Ahi Birliklerinde usta (işveren) kalfa ve çırak statüsünde çalışanlar baba-evlat münasebeti gibi candan manevi bağlarla birbirlerine bağlanmışlardır, Ahlâki ve mesleki kaidelere göre düzenlenen bu münasebetler, idare heyetlerinin denetim ve gözetimi altında devam ettirilirdi.
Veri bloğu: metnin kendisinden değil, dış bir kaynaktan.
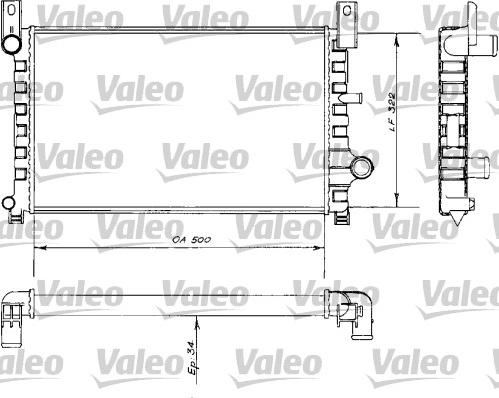 Valeo 730484 - Radiator, engine cooling autospares.lv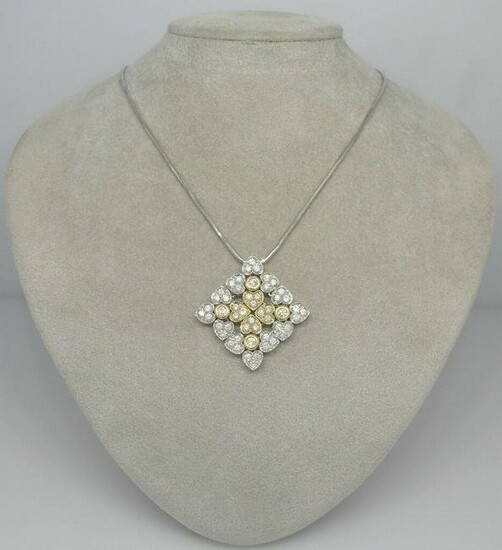 Ciemme Diamond White Gold Yellow Gold Pendant Necklace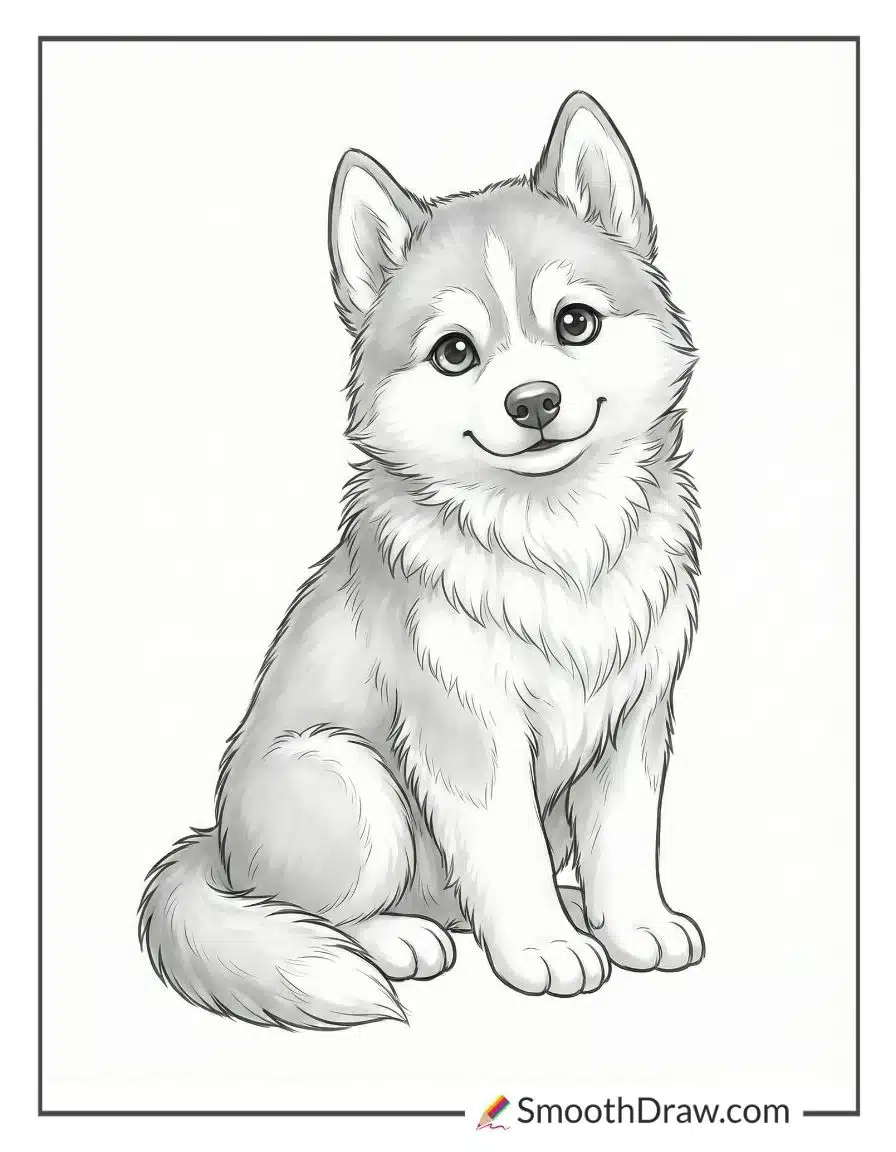 Cute Siberian Husky Coloring Page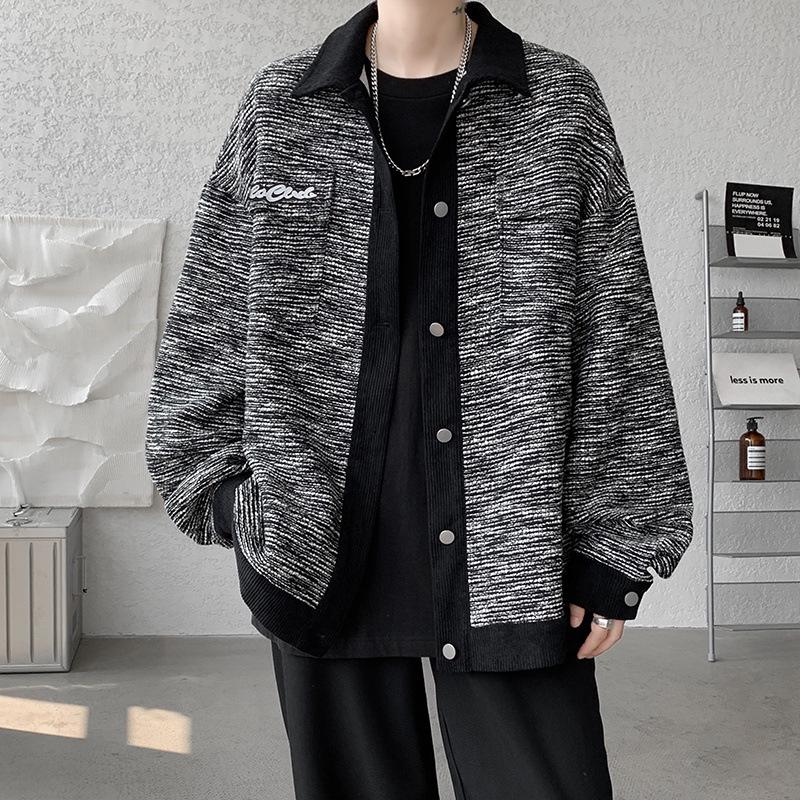 Men s Retro Korean Style Patchwork Jacket – White, Loose Fit, Spring/Autumn Trendy Workwear 2XL 145-160 jin чёрный
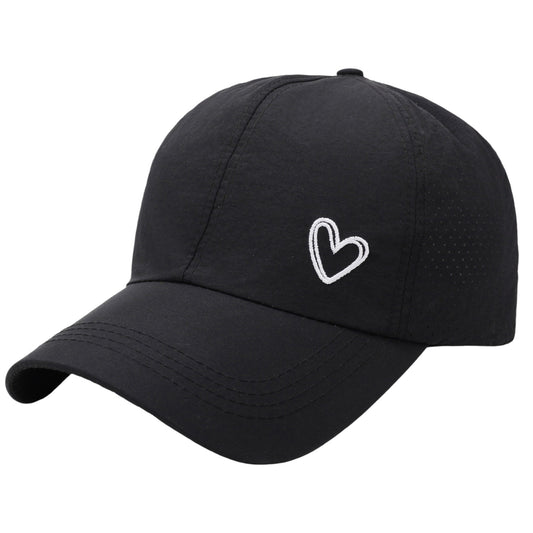 Anna-Kaci Women's Baseball Cap with Heart Embroidery - Breathable Criss - Cross Back Hat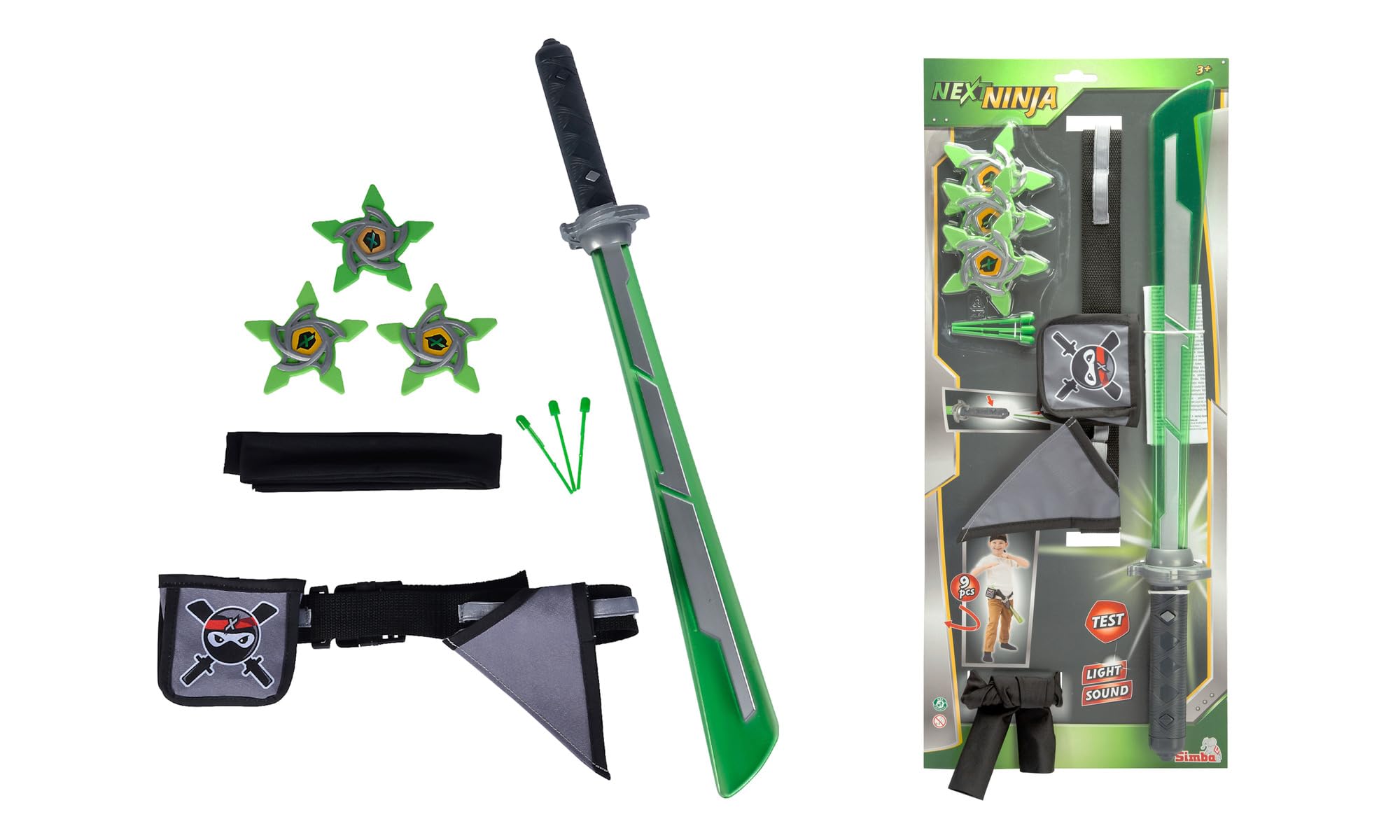 Simba Next Ninja Mega-Set, 9 Teile, Gürtel verstellbar bis 80cm, Schwert mit Licht und Sound, Schussfunktion, DREI Pfeile und Sterne, Stirnband, ab 3 Jahren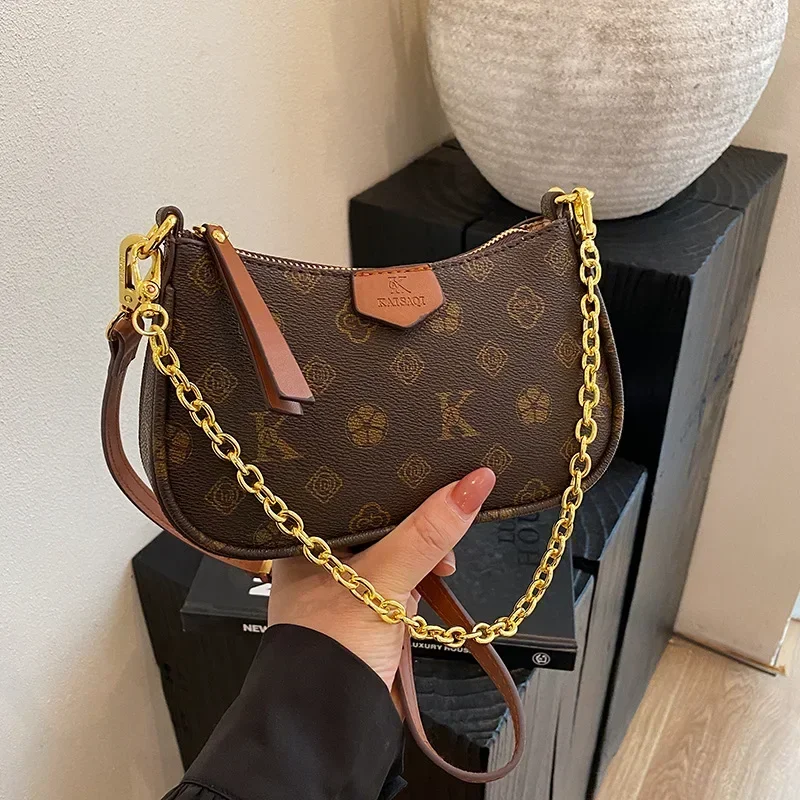 

2025 Новая женская сумка подмышки с цепочкой в стиле ретро, дизайн маджонга со старым цветком, модная сумка через плечо с принтом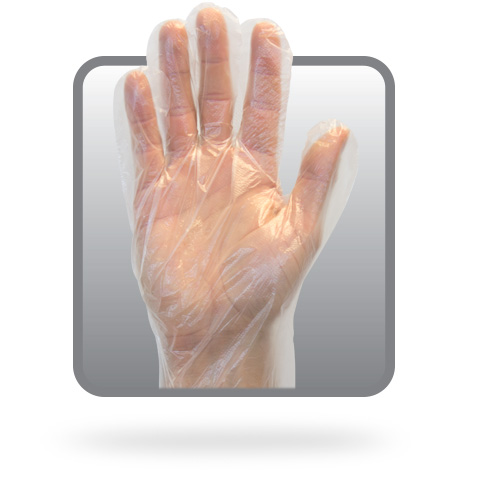 #GDPE-SIZE-4-500安全区域®透明无粉聚乙烯手套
Ahi Babalar hem dini hem de mesleki lider pozisyonunda olup, yalnız ustaların değil, kalfa ve çırakların da haklarım korumak durumunda idiler. Genel olarak kerâmet sahibi oldukları esnaf tarafından kabul edilen Ahi Babaların bu münasebetleri en âdilâne şekilde düzenleyecekleri kanaati yaygındı. “Eti senin kemiği benim” felsefesiyle ustanın yanına verilen çırak çalışarak aynı ustanın yanında kalfa ve usta olurdu. Ustalar yanlarında çalıştırdıkları insanların davranışlarından mesuldü. Bu sebeple, bazı durumlarda çırakların işledikleri suçlardan dolayı ustalarına ceza verilmekteydi. Çalışanların kötü huy ve hareketleri ile bunların haksızlığa uğramalarından yalnız ustaları değil, kademeli olarak bütün esnaf mesuldü. Bu anlayış çalışanların kontrol ve himayesinin yalnız ustalarına değil, bütün esnafa ait olduğu kanaatini yaygınlaştırmış ve böylece müessir bir otokontrol sistemi kurulmuştur.
SONUÇ:
Türk sosyal hayatım yüzyıllarca denetimi altında bulunduran Ahi Birlikleri, tarihe karışmış bir kurum olmasına rağmen; Anadolu’nun çeşitli yerlerinde onların izini hâlâ, görmekteyiz. Yâren sohbetleri, kardeşlik ve ahiretlik gelenekleri köylerde yapılan toplantılar, bu felsefenin uzantısı olarak ortaya çıkan “imece" usulü devam etmektedir. Çocuklar ustalarına yine "eti senin kemiği benim” felsefesi ile teslim edilmektedir.
Eğitimin amacı olan, iyi İnsan -iyi vatandaş, iyi üretici yetiştirilmesini kendi döneminde başarı ile gerçekleştiren Ahi Birlikleri, eğitim -istihdam- üretim üçlüsünü en mükemmel şekilde kurmuştu. Ahilik Eğitimi, hayat boyu süren bir faaliyet olarak düşünmüş ve mesleki eğitim ile genel eğitimi birbirini tamamlayan unsurlar olarak ele almış ve uygulamıştır.
Bugün Ahi Birliklerinin aynı yapısı ile uygulanması mümkün değildir. Ama koyduğu prensiplerle yüzyıllar ötesine ışık tutan bir sistemin özelliklerini bilerek bunlardan kendi sosyal şartlarımıza uygun şekilde faydalanmak yalnız bizim için değil, bütün insanlık için faydalı sonuçlar doğuracaktır.